▶ **Work request**: Only an exact copy of the lines from the one containing "Lejek do wina" through the last line of the material below belongs in the answer, with no pictures.

▶ **Data listing**:
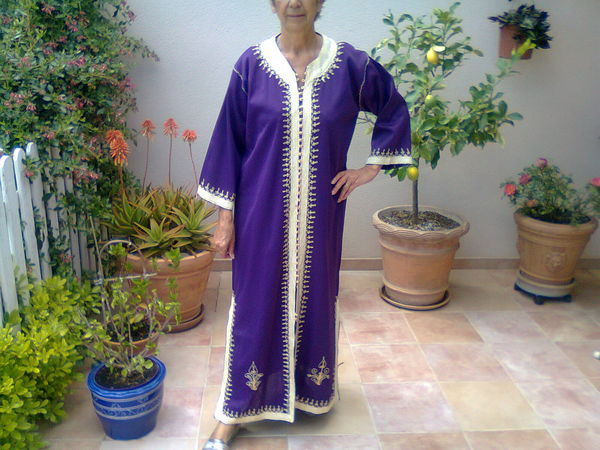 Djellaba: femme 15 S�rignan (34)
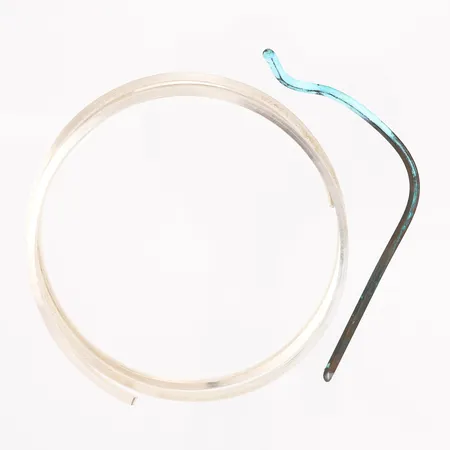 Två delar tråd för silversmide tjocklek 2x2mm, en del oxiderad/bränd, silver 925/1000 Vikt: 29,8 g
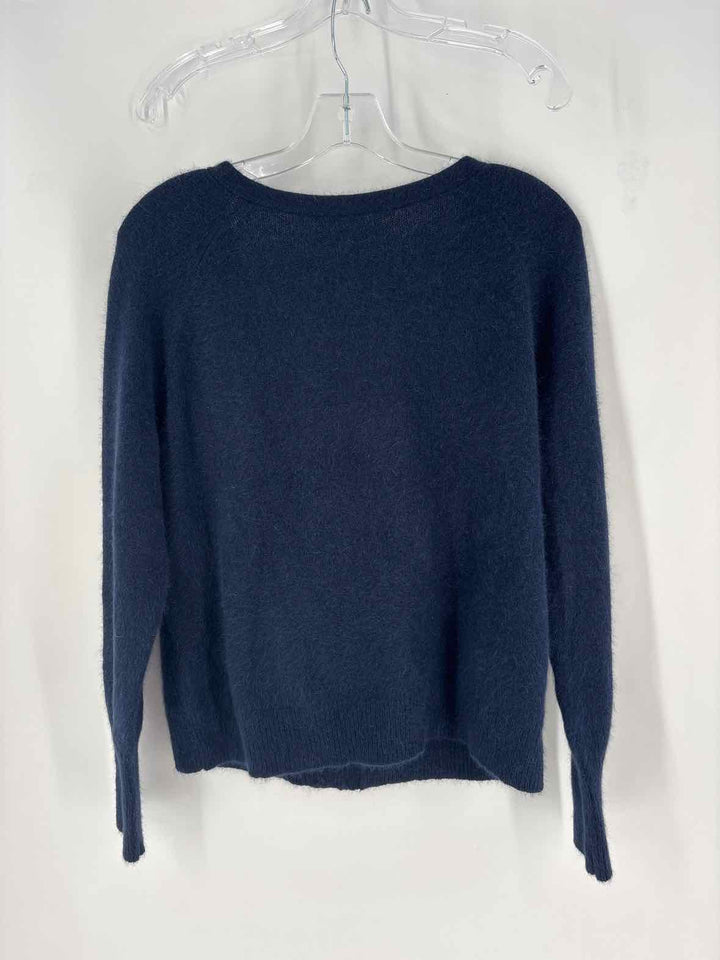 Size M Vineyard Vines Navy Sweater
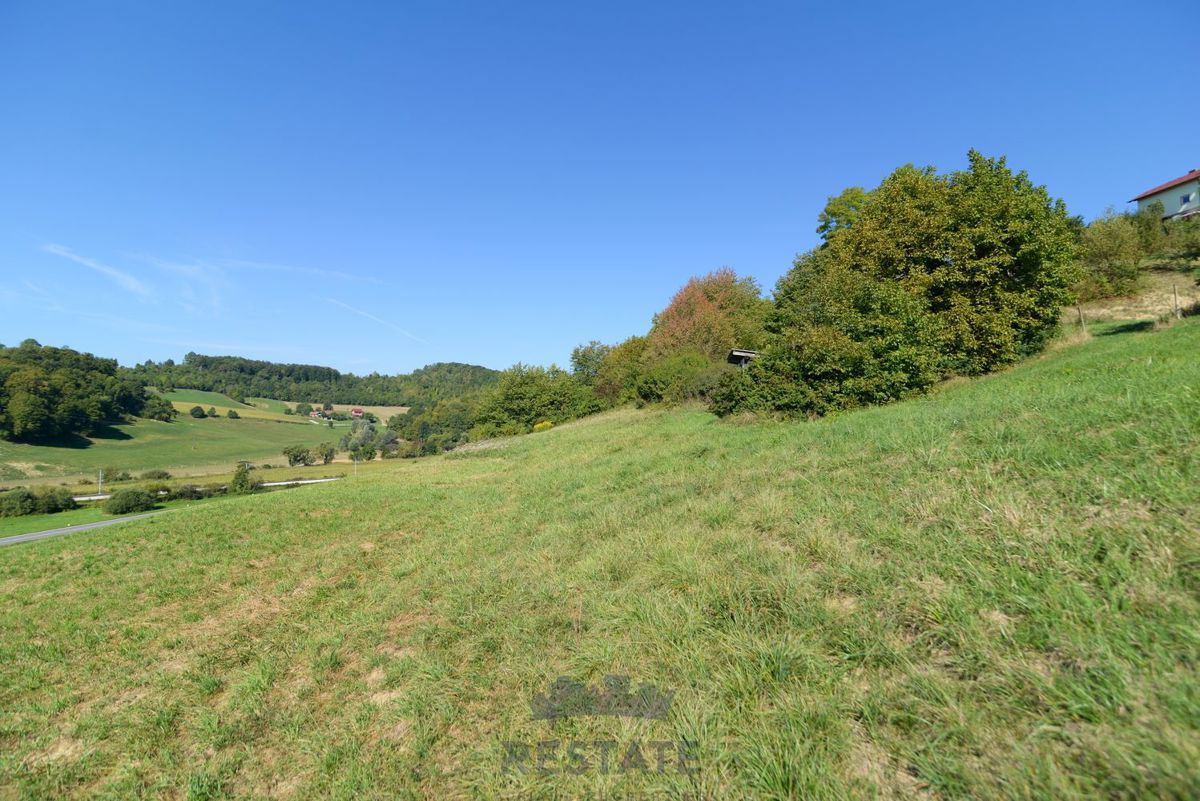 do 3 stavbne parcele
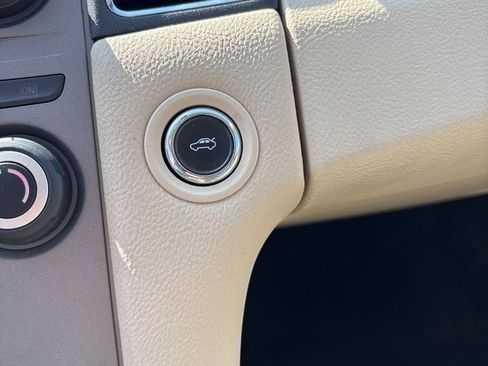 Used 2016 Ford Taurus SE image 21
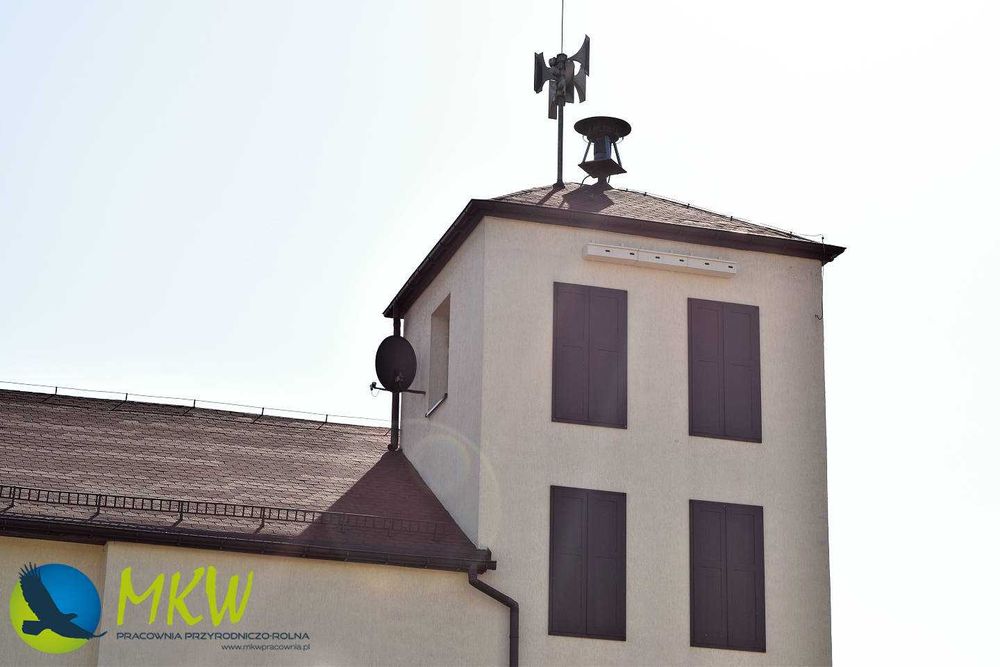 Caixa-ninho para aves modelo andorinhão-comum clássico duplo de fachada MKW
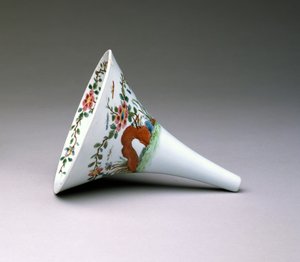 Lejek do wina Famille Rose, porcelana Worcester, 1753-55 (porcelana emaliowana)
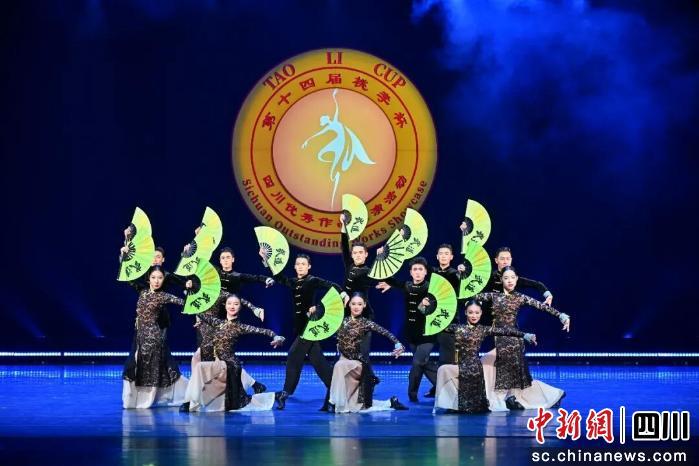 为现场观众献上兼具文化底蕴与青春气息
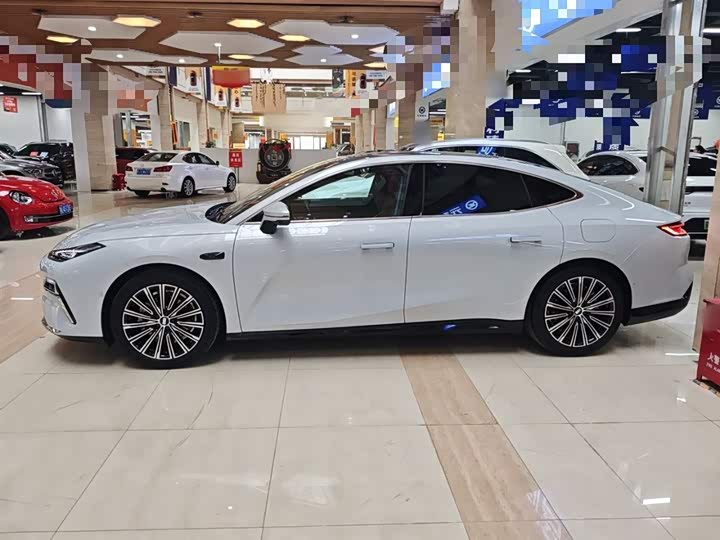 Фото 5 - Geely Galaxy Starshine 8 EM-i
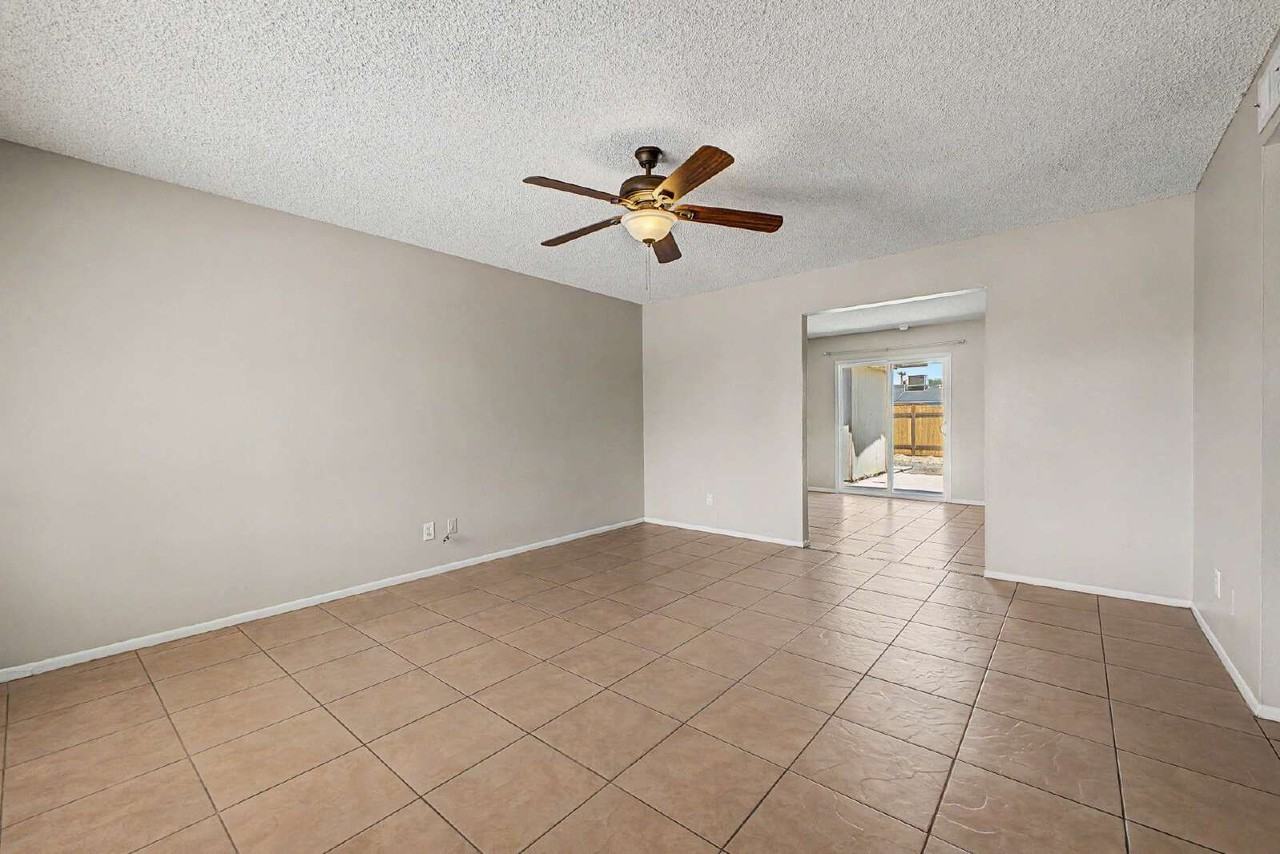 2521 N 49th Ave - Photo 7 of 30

▶ **Written solution**:
 Lejek do wina Famille Rose, porcelana Worcester, 1753-55 (porcelana emaliowana)
 为现场观众献上兼具文化底蕴与青春气息
 Фото 5 - Geely Galaxy Starshine 8 EM-i
 2521 N 49th Ave - Photo 7 of 30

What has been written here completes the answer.